It looks like vdSqrt does not work correctly in multi-threaded mode. Its performance is significantly slower than a simple loop of sqrt() calls. Moreover, it ignores OMP_NUM_THREADS completely.
I have made the attached test program to reproduce the bug, which had a dramatic impact and was hard to spot in amore complex application. This simple program computes the square root of a vector of 10000 elements for 5000 times. In order to prevent the compiler from removing code, some randomy selected items are added to a variable which is later printed to the standard output.
Three different ways of computing the square root are tested: 1) vdSqrt 2) loop of sqrt() 3) OpenMP parallel loop of sqrt()
Since I'm on a dual core machine (Core i5 430M), I run the code with OMP_NUM_THREADS=1 and OMP_NUM_THREADS=2. This measurements are obtained in a VMware virtual machine but the same behavior was observed on physical machines as well. The issue was reproduced on Debian 5, Ubuntu 8.04 and Ubuntu 10.10.

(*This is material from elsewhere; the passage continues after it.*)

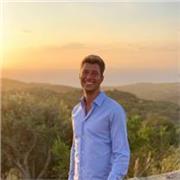 Ciao a tutti. Sono uno studente di Lettere e Filosofia a Roma Tor Vergata. Sono prossimo alla Laurea. Mi propongo per aiuto allo studio e ripetizioni per tutte le materie. Conosco bene l'inglese e il francese. Per qualsiasi informazioni contattatemi!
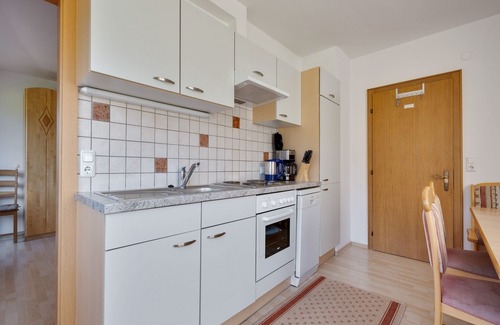 Hollersbach im Pinzgau Apartment | Apartment in Salzburg with Terrace Views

OMP_NUM_THREADS=1 OMP_NUM_THREADS=2 1) 0.99 s 0.96 s 2) 0.33 s 0.33 s 3) 0.34 s 0.21 s
If I force the code to run on fewer core by setting processor affinity with taskset the results are vastly different for vdSqrt: taskset -c 0 taskset -c 0,2 1) 0.33 s 1.19 s
In a more complex program, replacing vdSqrt with a loop of sqrt yielded a 9x speedup.
Performing a concurrency analysis with VTunes gives a better insight on the problem. While the third method and other MKL routines such as dgemv and dgemm only spawn a single worker thread with OMP_NUM_THREADS=2, vdSqrt spawns about 20 worker threads. The attached pictures highlights the issue.